On Wednesday, Chief Secretary to the President and Cabinet, Dr Misheck Sibanda, confirmed that President Emmerson Mnangagwa accorded a state-assisted funeral to Nyathi, who was burnt to death in Diepsloot, north of Johannesburg in what has been described as an act of xenophobia.
ZAPU national spokesperson, Msongwela Ndlovu said under normal circumstances, the government should be commended but, in this case, it was responsible for causing the suffering of Zimbabweans in and out of the country.
“News reaching us is that Mnangagwa has granted Elvis Nyathi a state-assisted funeral. Under normal circumstances, we should be grateful and commend the government. But as ZAPU, if indeed true, we find this gesture an insult to every Zimbabwean. A government must provide state-assisted life not a funeral,” he told CITE.
Ndlovu highlighted that a government must create opportunities that better the lives of its citizens.
“The government must never be an undertaker or a funeral parlour. It should provide opportunities to its citizens to thrive and prosper in their country of birth. The grand deception of earning credit for man-made problems must be exposed for what it is, a political fraud,” said the party spokesperson.
However, the Council for Churches in Africa (CCA), made up of several indigenous churches, partners, affiliate organisations and entities welcomed the gesture.

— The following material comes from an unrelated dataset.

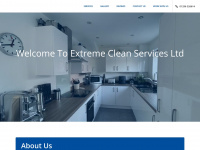 Extremecleanservices.co.uk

“This state-assisted funeral grant has come as a relief to both families, relatives, friends and other authorities who had faced difficulties in repatriation of the late Elvis Nyathi’s remains,” CCA’s Department of Regional Justice, Peace and Conflict Resolution Affairs in a press statement.
“According to its citizens who have faced several challenges including the relief accorded to the Nyathi family is the true definition for contemporary leadership that Africa needs and a signal of caring government or administration.”
As indigenous churches representatives’ body in Africa, CCA urged all its affiliate churches and partners to assist their respective governments so that its duties and services to the citizens were realised.
“The Zimbabwean government set a good example by extending such a gesture during this period when the bereaved need assistance,” said the religious organisation, which also condemned xenophobic sentiments made against Africans.
“The attack on African Brothers and Sisters is against the founding principles and values of Ubuntu which indigenous churches have advocated for since time immemorial. Africa needs to unite in the same spirit that churches endeavour to bridge the gaps of divisions, and as CCA’s department of Regional Justice, Peace and Conflict Resolution Affairs, we will strive to use the resources that we have in making sure that peace will become a reality in some sections rather than a rhetoric.”
CCA’s Department of Regional Justice, Peace and Conflict Resolution Affairs noted it also sought to remove narratives that divide indigenous churches’ role in preaching peace.
“Hate speech and violence remain the major problems in Africa and as churches, we will strive to preach peace and craft initiatives that seek to unite rather than divide,” said the religious organisation.